What to do
What needs reproducing is the run of lines in the data below starting at the line with "Barclays 2011 High" and ending at the line with "specification-optical lens", both ends included. Copy it exactly, without pictures, and add nothing.

Extracted information
__________________________________________________

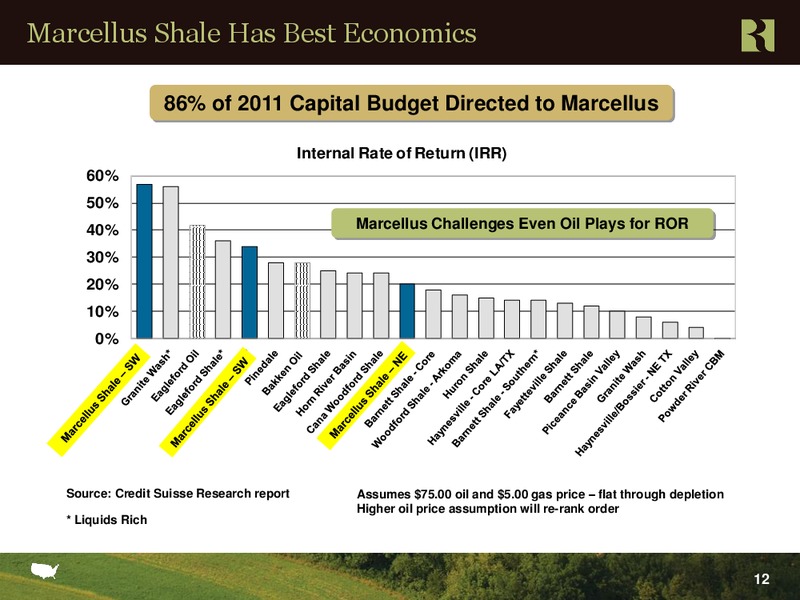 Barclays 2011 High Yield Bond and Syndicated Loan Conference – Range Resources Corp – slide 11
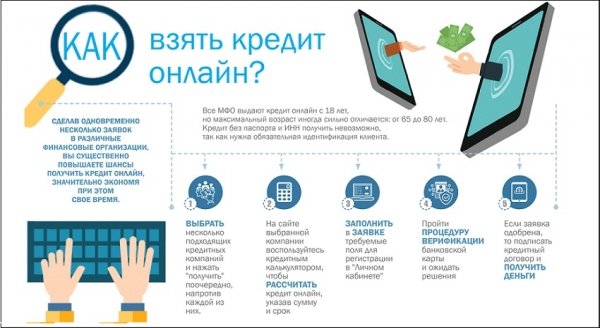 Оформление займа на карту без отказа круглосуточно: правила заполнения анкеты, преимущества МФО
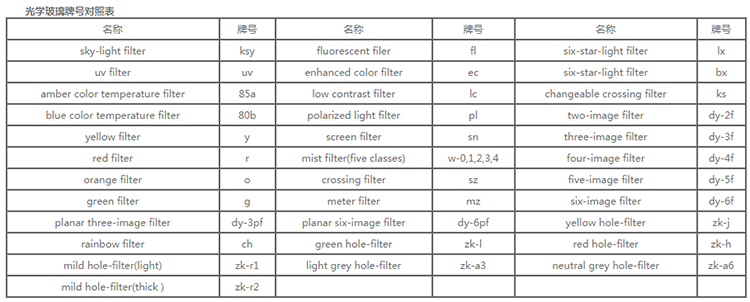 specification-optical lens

__________________________________________________

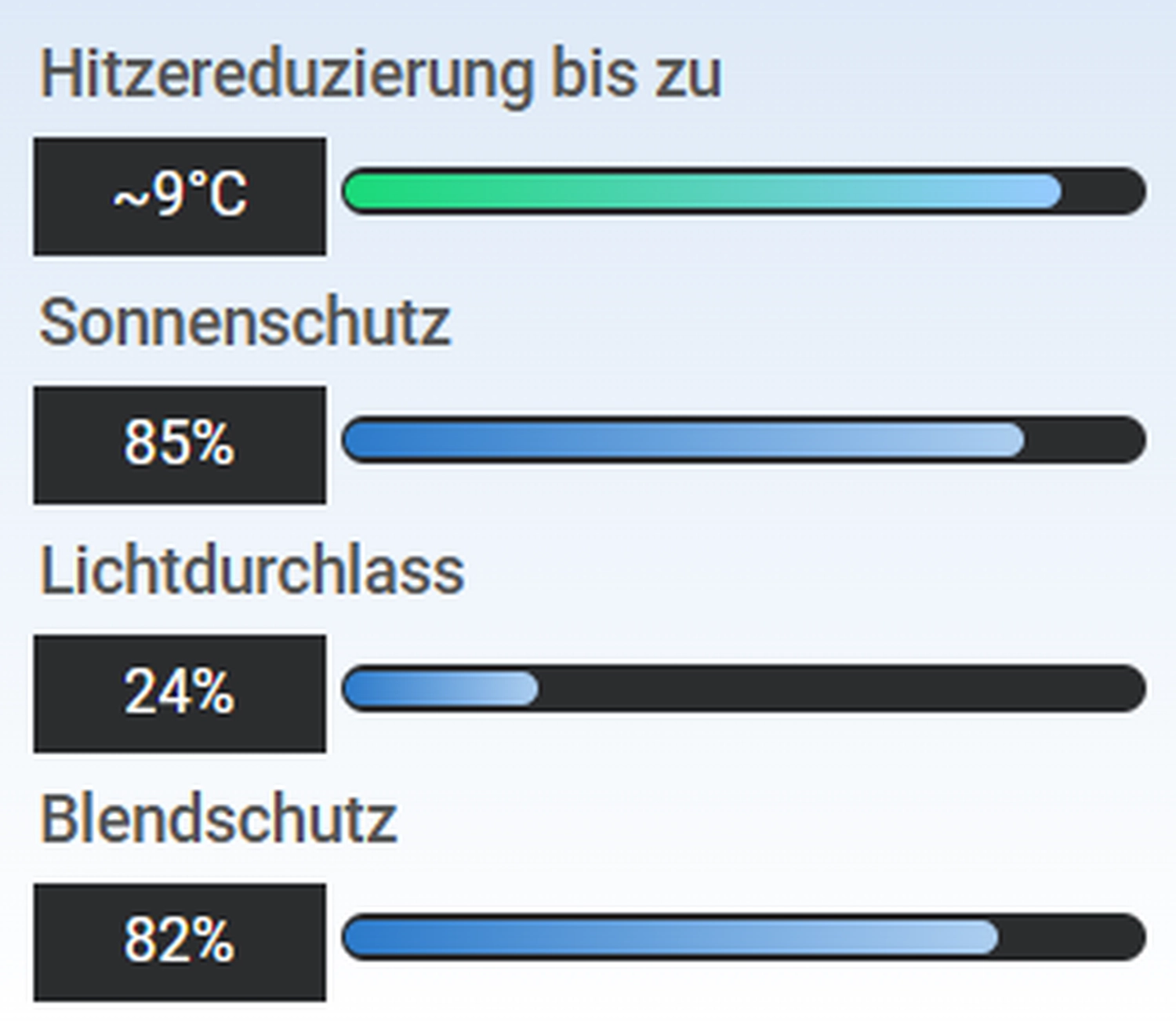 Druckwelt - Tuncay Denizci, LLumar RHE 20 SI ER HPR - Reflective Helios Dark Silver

__________________________________________________

Reply
 Barclays 2011 High Yield Bond and Syndicated Loan Conference – Range Resources Corp – slide 11
 Оформление займа на карту без отказа круглосуточно: правила заполнения анкеты, преимущества МФО
 specification-optical lens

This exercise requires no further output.